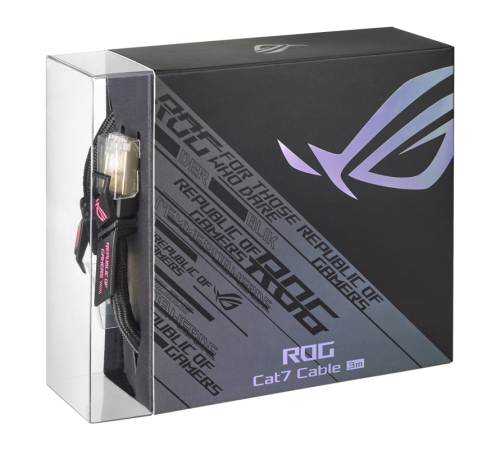 ASUS ROG CAT7 Cable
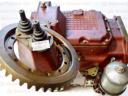 MTZ gearbox (1025.3)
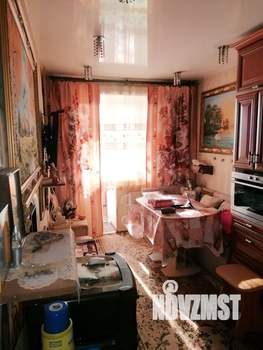 1-к квартира, вторичка, 45м2, 12/14 этаж
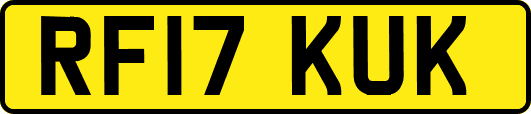 RF17KUK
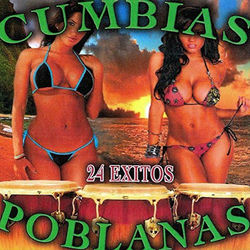 Cumbias Poblanas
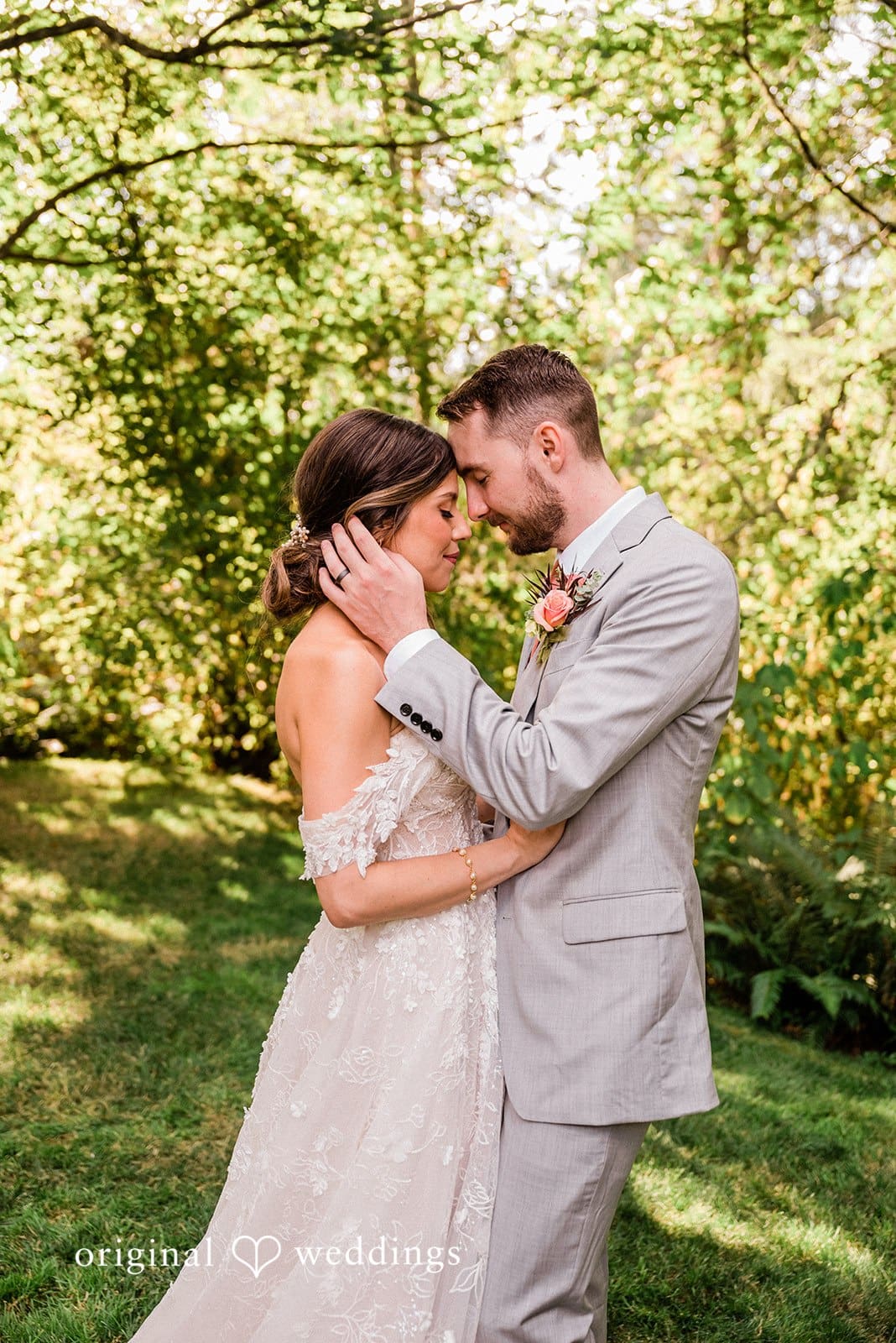 Leticia & John -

==========

#### TASK STATEMENT
Reproduce the data word for word without its images.

#### WRITTEN REPLY
 ASUS ROG CAT7 Cable
 MTZ gearbox (1025.3)
 1-к квартира, вторичка, 45м2, 12/14 этаж
 RF17KUK
 Cumbias Poblanas
 Leticia & John -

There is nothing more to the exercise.